With an uncertain income ratio can come worry. You may wonder how your financial reality will affect your ability to get a loan or pay your insurance premiums. Fortunately, you have options.
Income Ratio
Your debt-to-income ratio is calculated by dividing your total debt by your gross income. If your income is uncertain from month to month, then this ratio will be as well. This can be a red flag for lenders if you’re applying for a mortgage or financing a car, but it’s important to know that it doesn’t mean you won’t be able to get car insurance.
Auto Insurance Price Factors
In general, other factors weigh more heavily than your income ratio when it comes to how much your auto policy will cost. For example, your driving record plays a large role in determining your premiums. The fewer dings to your record, the less you’ll pay for insurance.
Your location also factors in, as living in an area with more theft or vandalism can raise the price of your policy. Accidents are more common in cities than they are in rural areas, so living in an urban area may come with a price.
Your car and how much you plan on driving it are important considerations as well. Cars with good safety ratings often earn you better rates, though a large SUV that could do a lot of damage to another car may require a higher premium. Used cars can be less expensive to insure, which is why they’re a popular choice for people with low or uncertain income.

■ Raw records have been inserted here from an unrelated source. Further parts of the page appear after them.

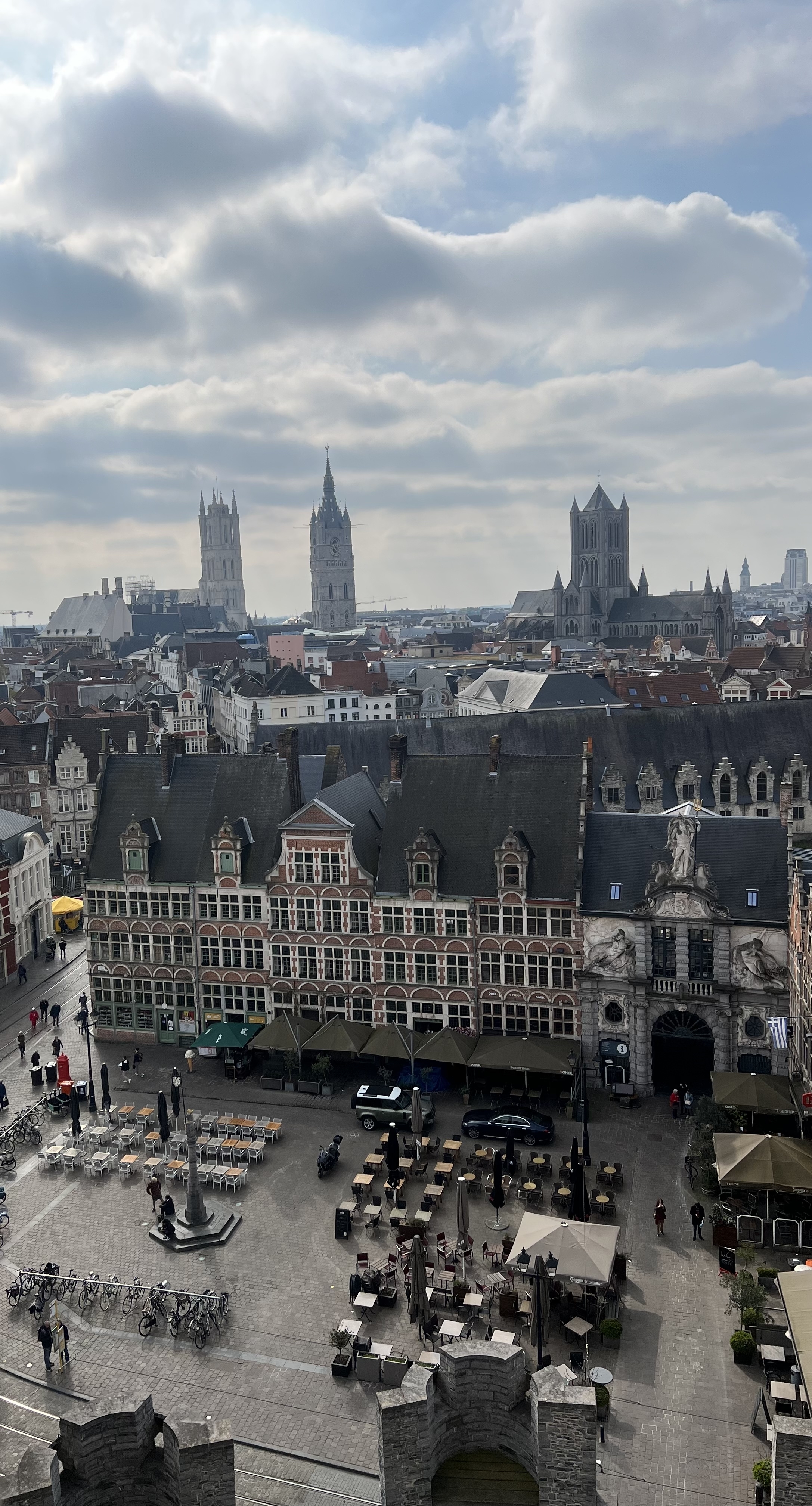 Panoramic city view with historic buildings and church spires.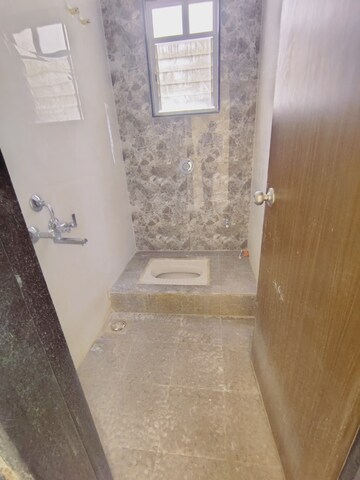 Bathroom in 2.5 BHK Apartment at Vardhaman Palm Rose, Punawale – for Rent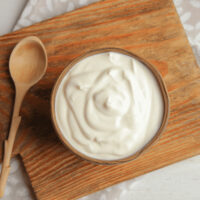 Overhead image of fruit dip in a wooden bowl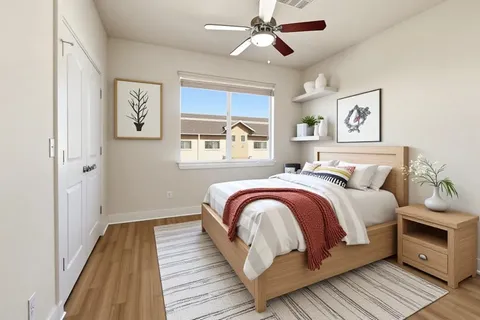 a bedroom with a bed and wooden floor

Your income ratio shouldn’t directly affect how much you pay for car insurance. However, if you have a lot of debt, your credit score is potentially low. Your credit can tell insurers how likely it is that you will file a claim, and that likelihood influences your rate.
Lowest Cost Insurers
Getting great insurance when you have lower credit starts with the car you select. When buying a used car, for example, choose a model with a superior safety rating and a proven track record. Look for features — like automatic emergency braking, blind spot detection, and lane departure warning sounds — that minimise your risk of an accident.
Many auto insurers see lower credit and high risk driving as overlapping. As a result, shopping for insurance that appeals to high-risk drivers can be to your advantage. Get quotes from companies that market to such drivers and compare. The more research you put into comparison shopping, the lower the rate you should be able to find.
There are some companies that don’t check credit. Going with one of these options may work for you, but know that the premiums can be higher than those of insurers that do check credit.
Credit Score Improvement
Ultimately, improving your credit score is the best way to lower your auto insurance rates over time. If you’re unable to obtain regular income, you can still work on decreasing your debt and improving your income ratio — and therefore, your credit — in the process. For example, instead of determining a fixed dollar amount for paying off debt, you may choose to go with a percentage of each month’s income.
Contact lenders to ask about reasonable payment plans and lower interest rates. They may be willing to change your loan terms. If you’ve suffered hardship, you might consider applying for financial assistance. Either way, make sure you pay your car insurance premiums on time. Over the course of several years of on-time payments, your credit should improve.
It can take some effort to find quality car insurance when your income isn’t stable and you have debt. However, it can be done.